Avrupa Sendikalar Konfederasyonu Türkiye Cumhurbaşkanı'nın Türkiye'nin İstanbul Sözleşmesi'ndeki imzasını geri çekme kararı geriye gidiş noktasında çok ciddi bir adım olarak niteledi.
ETUC hükümete bu kararını gözden geçirme, kadınların, kızların ve de tüm yurttaşlarının insan haklarını korumaya dair uluslararası yükümlülüklerini tekrardan teyit etme çağrısında bulundu.
ETUC Genel Sekreter Yardımcısı Esther Lynch, çağrıyı şu sözlerle yaptı:
"Geleceğe dair umutlara darbe"
"Bu karar Türkiye'deki kadınların haklarına ve (geleceğe dair) umutlarına yönelik ağır bir darbedir, ve kadınların şiddetten korunması, kadına yönelik şiddetin önlenmesine dair politika ile hizmetleri belirlemesi gereken yetkililere yönelik gözetimi azalacaktır.
2019'da sadece Türkiye'de en az 430 kadın cinayeti yaşandı. COVID-19 pandemisi ev içi şiddetin tüm dünyada inkar edilemez bir biçimde artmasına yol açtı.
Bu karar Türkiye'deki kadınlar ve kızlar için çok ağır bir sürece işaret etmektedir.
BM Kadının Statüsü Komisyonunun devam ettiği sırada böyle bir kararın duyurulması bilinçli bir provokasyondur ve uluslararası işbirliğine yönelik yeni bir muhafazakar saldırıyı temsil etmektedir."
İstanbul Sözleşmesi hakkında
Tam adı “Kadınlara Yönelik Şiddet ve Aile İçi Şiddetin Önlenmesi ve Bunlarla Mücadeleye İlişkin Avrupa Konseyi Sözleşmesi” 11 Mayıs 2011'de İstanbul'da imzaya açıldı ve ilk imzalayan ülke Türkiye oldu. Sözleşme 1 Ağustos 2014'te yürürlüğe girdi.
Sözleşme, ''kadına yönelik şiddet'', ''aile içi şiddet'', ''kadına yönelik toplumsal cinsiyete dayalı şiddet'', ''kadın'' kavramlarını tanımlıyor.
Uluslararası alanda kadına yönelik ve aile içi şiddetle ilgili ilk bağlayıcı belge olma özelliğini taşıyan sözleşme şunları içeriyor:
İstanbul Sözleşmesi psikolojik şiddet, ısrarlı takip, fiziksel şiddet, tecavüz, zorla evlendirme, kadın sünneti, kürtaja zorlama, zorla kısırlaştırma, tecavüz ve taciz dahil cinsel şiddet olmak üzere kadına yönelik şiddetin tüm türlerini kapsıyor.
Sözleşme çerçevesinde eviçi şiddet, aynı evde yaşıyor olsun ya da olmasın mevcut ya da eski eş ya da partnerler arasında yaşanan her türlü şiddet edimini içerecek şekilde kadının korunmasını esas alıyor.

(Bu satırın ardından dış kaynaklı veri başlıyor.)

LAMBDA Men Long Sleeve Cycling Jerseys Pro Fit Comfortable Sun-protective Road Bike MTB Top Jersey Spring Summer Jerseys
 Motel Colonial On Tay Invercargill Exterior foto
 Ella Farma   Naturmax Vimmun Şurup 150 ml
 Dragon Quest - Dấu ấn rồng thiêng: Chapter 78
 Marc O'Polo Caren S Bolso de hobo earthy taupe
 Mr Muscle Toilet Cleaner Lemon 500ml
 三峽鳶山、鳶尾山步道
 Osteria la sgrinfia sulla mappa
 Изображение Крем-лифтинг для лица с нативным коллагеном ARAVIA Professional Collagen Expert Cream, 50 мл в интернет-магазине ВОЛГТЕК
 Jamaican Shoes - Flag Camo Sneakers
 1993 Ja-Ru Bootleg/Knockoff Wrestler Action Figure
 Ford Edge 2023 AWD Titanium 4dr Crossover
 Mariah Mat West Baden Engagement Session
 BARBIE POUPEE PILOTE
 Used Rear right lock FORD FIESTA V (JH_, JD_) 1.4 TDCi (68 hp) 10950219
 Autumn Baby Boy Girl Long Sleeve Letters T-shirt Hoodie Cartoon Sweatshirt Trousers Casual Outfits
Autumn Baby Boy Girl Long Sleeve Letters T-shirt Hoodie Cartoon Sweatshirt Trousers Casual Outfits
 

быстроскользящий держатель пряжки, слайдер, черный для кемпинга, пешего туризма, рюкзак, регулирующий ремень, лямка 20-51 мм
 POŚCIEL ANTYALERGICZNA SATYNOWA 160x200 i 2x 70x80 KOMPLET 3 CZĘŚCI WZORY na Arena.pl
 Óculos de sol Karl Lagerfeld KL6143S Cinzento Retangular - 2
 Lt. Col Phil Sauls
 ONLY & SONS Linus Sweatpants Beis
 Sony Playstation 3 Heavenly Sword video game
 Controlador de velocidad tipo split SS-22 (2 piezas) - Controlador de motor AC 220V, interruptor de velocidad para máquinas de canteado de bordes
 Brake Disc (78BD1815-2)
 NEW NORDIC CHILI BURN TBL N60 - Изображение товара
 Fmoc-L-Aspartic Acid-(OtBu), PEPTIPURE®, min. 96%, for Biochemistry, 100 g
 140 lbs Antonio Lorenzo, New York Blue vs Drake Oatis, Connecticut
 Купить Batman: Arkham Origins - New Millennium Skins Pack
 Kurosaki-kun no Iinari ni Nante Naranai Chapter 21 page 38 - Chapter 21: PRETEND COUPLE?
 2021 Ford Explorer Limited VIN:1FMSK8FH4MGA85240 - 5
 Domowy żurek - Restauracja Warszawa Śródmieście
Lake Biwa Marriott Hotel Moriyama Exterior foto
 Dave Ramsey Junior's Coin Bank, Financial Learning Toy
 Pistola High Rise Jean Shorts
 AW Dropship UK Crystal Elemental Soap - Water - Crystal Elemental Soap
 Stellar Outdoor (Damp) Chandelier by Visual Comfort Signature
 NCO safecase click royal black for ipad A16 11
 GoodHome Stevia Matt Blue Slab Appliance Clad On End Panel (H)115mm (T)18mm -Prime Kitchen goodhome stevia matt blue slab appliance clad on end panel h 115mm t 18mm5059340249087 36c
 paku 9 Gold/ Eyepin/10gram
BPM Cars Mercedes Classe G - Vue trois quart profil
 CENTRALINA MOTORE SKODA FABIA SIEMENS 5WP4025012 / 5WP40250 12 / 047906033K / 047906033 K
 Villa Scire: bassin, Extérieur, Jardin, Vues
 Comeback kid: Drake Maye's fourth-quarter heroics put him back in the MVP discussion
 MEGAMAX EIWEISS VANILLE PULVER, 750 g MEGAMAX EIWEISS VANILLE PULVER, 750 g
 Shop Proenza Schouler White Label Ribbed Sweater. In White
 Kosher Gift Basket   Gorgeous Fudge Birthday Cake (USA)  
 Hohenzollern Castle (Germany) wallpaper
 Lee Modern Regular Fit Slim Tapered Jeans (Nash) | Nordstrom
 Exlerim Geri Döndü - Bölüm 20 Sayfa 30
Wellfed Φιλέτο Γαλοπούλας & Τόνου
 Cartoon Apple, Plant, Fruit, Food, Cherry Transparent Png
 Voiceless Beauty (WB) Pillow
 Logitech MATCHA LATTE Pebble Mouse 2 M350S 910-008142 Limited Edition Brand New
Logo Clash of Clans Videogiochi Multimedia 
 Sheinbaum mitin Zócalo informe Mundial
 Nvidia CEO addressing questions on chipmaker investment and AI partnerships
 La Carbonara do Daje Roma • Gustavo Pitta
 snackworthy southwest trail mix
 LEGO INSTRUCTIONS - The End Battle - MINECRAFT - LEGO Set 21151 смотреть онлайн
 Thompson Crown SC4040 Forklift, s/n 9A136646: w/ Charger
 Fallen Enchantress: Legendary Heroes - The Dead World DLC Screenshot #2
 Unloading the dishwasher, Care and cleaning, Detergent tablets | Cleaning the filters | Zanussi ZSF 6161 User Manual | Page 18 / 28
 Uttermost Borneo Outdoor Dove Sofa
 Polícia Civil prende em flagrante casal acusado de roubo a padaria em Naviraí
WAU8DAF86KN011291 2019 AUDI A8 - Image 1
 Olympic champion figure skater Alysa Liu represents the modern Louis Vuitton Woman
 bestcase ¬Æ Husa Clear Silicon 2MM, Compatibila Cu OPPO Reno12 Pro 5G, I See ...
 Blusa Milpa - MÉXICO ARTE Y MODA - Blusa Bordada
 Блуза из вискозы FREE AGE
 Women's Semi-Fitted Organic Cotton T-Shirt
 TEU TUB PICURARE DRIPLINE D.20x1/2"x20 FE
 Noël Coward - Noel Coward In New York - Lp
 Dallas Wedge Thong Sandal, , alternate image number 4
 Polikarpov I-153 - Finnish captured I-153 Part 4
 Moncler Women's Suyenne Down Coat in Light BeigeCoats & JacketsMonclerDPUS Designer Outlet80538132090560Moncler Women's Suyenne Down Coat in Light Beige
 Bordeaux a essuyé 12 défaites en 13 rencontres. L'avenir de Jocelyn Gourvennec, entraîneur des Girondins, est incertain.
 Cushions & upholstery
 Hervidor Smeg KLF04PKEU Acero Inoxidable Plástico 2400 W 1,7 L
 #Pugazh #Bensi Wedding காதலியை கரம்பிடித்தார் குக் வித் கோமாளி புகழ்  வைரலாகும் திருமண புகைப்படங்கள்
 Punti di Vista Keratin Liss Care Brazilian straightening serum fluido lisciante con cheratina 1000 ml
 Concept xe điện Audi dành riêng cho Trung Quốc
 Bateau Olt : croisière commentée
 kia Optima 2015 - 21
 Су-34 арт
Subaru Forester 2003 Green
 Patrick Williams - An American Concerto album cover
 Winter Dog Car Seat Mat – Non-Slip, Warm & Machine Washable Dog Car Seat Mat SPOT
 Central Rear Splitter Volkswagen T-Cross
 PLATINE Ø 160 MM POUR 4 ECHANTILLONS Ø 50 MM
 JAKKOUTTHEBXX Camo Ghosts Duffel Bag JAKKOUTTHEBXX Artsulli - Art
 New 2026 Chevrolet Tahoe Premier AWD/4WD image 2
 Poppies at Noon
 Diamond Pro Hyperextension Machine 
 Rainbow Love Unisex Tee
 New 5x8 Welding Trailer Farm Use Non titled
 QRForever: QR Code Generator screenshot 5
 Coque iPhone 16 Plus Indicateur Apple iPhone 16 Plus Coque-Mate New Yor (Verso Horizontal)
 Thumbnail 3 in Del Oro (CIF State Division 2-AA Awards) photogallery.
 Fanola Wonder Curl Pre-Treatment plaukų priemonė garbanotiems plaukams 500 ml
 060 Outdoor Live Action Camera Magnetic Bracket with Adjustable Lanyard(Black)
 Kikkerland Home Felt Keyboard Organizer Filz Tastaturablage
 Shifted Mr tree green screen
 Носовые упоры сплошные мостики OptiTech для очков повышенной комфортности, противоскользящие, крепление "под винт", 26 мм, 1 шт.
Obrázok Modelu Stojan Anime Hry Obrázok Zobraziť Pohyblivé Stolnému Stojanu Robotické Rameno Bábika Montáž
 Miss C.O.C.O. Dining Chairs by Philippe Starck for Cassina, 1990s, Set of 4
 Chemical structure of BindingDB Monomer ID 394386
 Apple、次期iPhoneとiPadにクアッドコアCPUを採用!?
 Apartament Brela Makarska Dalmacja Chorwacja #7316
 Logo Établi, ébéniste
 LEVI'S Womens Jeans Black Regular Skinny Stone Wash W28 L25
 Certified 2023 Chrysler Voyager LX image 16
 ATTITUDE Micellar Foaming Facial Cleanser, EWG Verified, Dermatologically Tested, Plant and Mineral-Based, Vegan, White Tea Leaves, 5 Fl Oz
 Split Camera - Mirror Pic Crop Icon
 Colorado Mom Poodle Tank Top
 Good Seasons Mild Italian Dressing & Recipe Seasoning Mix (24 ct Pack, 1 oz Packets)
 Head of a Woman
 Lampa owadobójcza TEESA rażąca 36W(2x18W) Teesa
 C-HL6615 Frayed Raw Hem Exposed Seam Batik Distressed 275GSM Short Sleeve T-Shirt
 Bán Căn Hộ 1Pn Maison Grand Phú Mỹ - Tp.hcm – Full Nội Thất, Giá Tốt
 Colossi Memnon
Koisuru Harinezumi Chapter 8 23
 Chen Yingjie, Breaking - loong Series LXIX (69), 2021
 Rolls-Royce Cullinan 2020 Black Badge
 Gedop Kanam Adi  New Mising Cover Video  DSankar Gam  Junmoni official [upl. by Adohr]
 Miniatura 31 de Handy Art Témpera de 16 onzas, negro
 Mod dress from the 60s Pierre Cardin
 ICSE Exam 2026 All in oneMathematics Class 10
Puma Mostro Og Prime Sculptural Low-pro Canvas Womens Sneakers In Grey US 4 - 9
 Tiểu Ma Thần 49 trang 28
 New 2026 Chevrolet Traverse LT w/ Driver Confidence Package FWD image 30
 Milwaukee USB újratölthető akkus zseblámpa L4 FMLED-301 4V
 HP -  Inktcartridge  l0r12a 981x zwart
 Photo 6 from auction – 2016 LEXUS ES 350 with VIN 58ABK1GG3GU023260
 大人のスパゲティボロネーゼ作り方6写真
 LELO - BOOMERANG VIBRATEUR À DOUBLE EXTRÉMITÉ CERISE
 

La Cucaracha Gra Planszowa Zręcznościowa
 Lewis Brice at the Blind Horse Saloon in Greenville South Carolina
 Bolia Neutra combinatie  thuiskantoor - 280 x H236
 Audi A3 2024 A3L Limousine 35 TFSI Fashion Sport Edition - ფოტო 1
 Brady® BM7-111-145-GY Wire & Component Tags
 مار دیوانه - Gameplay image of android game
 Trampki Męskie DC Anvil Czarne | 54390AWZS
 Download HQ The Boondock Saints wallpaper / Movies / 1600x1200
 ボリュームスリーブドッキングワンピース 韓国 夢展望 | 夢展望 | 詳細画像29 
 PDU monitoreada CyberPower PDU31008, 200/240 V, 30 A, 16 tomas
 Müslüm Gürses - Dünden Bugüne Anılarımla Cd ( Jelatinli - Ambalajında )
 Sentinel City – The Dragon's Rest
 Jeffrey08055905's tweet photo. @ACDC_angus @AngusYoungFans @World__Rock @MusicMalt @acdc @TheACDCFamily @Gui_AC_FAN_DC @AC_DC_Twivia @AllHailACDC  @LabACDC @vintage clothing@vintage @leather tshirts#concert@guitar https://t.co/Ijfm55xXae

Kadınları konumlandırırken "aile" olmayı, evlilik birliği içinde bulunmayı ya da aynı evi paylaşıyor ya da paylaşmış bulunmayı gerektirmiyor.
Sözleşmenin getirdiği yükümlülükler öncelikle devlet görevlilerine yönelik. Devlet kendi adına hareket eden görevlilerinin İstanbul Sözleşmesi'nin gereklerini yerine getirmesini sağlamak zorunda.
Devletlerin sorumluluğu bununla sınırlı değil. Şiddeti gerçekleştiren ister kadının sevgilisi, ister kocası, ister babası, ister patronu olsun, yani kim olursa olsun şiddetin önlenmesi, soruşturulması, cezalandırılması, zararın tazmin edilmesi yükümlülüğü de devlete ait.